音質、使い勝手、機能。それらの要素を高いバランスで併せ持ち、製品として長年高い評価を得ているソニーのヘッドホン。国内外において一般ユーザーからの評判がいいのはもちろん、プロのレコーディング業界でもデファクトスタンダードとして利用されるなど、ソニーのヘッドホンは、常に時代の最先端を走り続けてきた。その背景には、高音質を追い続ける姿勢、細かな使い勝手の改善、そして技術的ブレイクスルーを繰り返してきたことがある。

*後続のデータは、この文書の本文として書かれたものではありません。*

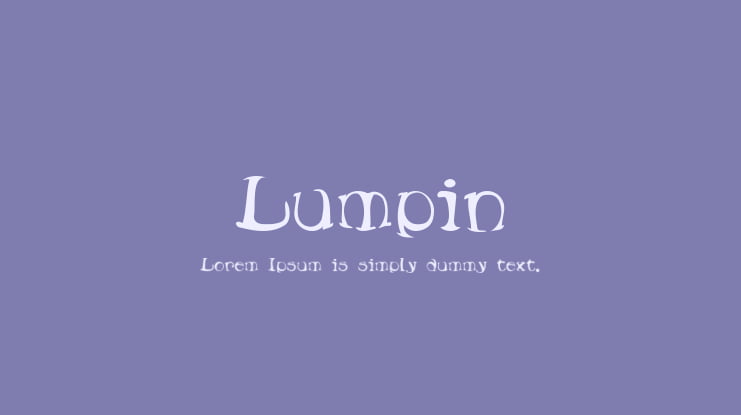 Lumpin Font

ソニーのヘッドホン開発の歴史の裏には、はたしてどのような取り組みがあったのだろうか?今回は、各関係者への取材を通じて、その一端に迫ってみたい。
ソニーのヘッドホン開発部隊にはちょっと妙なものがある。それは非常にリアルな形をしたピンク色の耳型。シリコン製なので、触った感じもかなり不気味にも感じられるのだが、多種多様な形の耳型がなんと500個以上もあるのだ。
ズラッと並んだ耳型。ソニー社内にはなんとこれが500個以上ストックされている
この耳型はすべて実際の人の耳をかたどったもの。ソニー社内にはこれら耳型を作成する「耳型職人」なる称号が存在している。代々続いてきた匠のワザは、5代目耳型職人である松尾 伴大氏が受け継ぎ、現在も月に1つ程度のペースで耳型を作っている。といっても、松尾氏の本職はソニーのPI&S事業本部1部2課所属のヘッドホンの音響設計のエンジニア。耳型職人は正式な役職というわけではなく、エンジニアの自主的活動となっている。

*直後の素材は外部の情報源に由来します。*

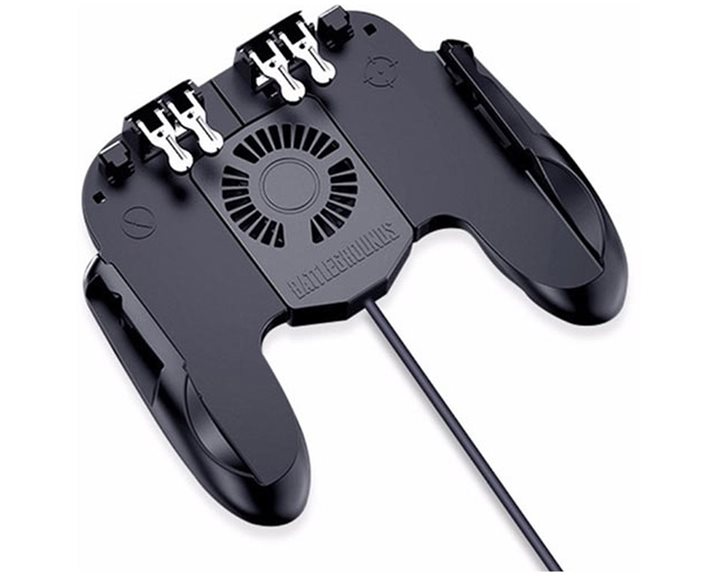 LAMTECH COOLING GAMEPAD 6-FINGER PUBG FOR ANDROID & IOS WITH USB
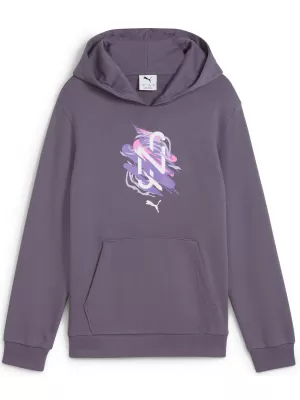 Baba pulóver PUMA NEYMAR JR CREATIVITYHOODIEJR 660100_01 LILA FASZÉN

現在、5代目耳型職人を襲名(?)している松尾 伴大氏
ソニーのヘッドホンを数多く手がけてきた投野 耕治氏も、実は第2代目耳型職人!
でも、そもそもなぜ耳型など作っているのだろうか? 「ヘッドホンの性能を大きく左右するふたつの要素は、音質と装着性の2つです。この2つは密接に関係しており、装着性が変わると音も変化してしまうのです。そこで装着性を向上させるために、多くの人たちの耳型を利用しテストしているのです」(松尾氏)

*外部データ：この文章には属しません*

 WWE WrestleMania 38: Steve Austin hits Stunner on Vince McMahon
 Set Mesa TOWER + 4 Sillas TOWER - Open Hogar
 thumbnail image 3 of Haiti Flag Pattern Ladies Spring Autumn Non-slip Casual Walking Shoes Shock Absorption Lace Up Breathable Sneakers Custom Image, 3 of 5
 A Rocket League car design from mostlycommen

ある人にはうまく装着できても別の人には不快に感じるかもしれない……。そんなことがないように、多くの人の耳型を使ってテストし、万人に合うように設計しているというわけだ。とくにインナーイヤータイプのヘッドホンの場合、耳の内部でぶつかっている箇所があっても、人間の耳を切って中の状況を見るというわけにはいかない。だが、耳型なら切断して内耳を断面図として確認するといったことも可能になるわけだ。
耳は大きさや「立ち」方などがまさに十人十色。だからこそ、万人に合うヘッドホンをつくるには、たくさんの耳型サンプルを取ることが重要になってくる
耳型の明確なメリットのひとつは、「切断」できること。断面を見ながらフィット感をチェックできるので、インナーイヤータイプのヘッドホンをつくるときには欠かせない
「社内の多くの人たちの耳型をとらせてもらっています。人を見ると、耳の大きさや形、傾きなどがとても気になるんですよ。ちょっと珍しい耳の人がいたら、『耳型をとらせて』とお願いしています。また海外の関係者が出張で日本に来た際などにもよく声をかけています」と松尾氏は語る。
今回、その耳型をどのようにとるのかの実演を見せてもらったので、紹介しよう。
まずは雌型を作成する。被験者に片方の耳(通常は左耳)を上にして机の上で顔を固定。脱脂綿で耳の穴の奥に詰める形で耳栓をする
耳を筒(ガムテープの芯を利用)で覆い、ここに雌型を取るための材料を流し込むのだ
型取り材料を流し入れたら、気泡を抜くために指で攪拌する。硬化は10分程度で完了
型取り材料が硬化したら、筒を外し、雌型を耳から慎重に取り外す
耳から無事取り外すことができた雌型。先端に付いているのは最初に挿入した耳栓だ
ここで耳型サンプルとなった人の名前を彫刻刀で刻印。左右反転するのを想定して彫らなければいけないのでちょっと大変、らしい
ここから、いよいよ実際の耳型を作成。独自のレシピで調合したシリコンをさきほど作成した雌型に流し込む。まずは型の内部に隙間無く流れるように少しずつ…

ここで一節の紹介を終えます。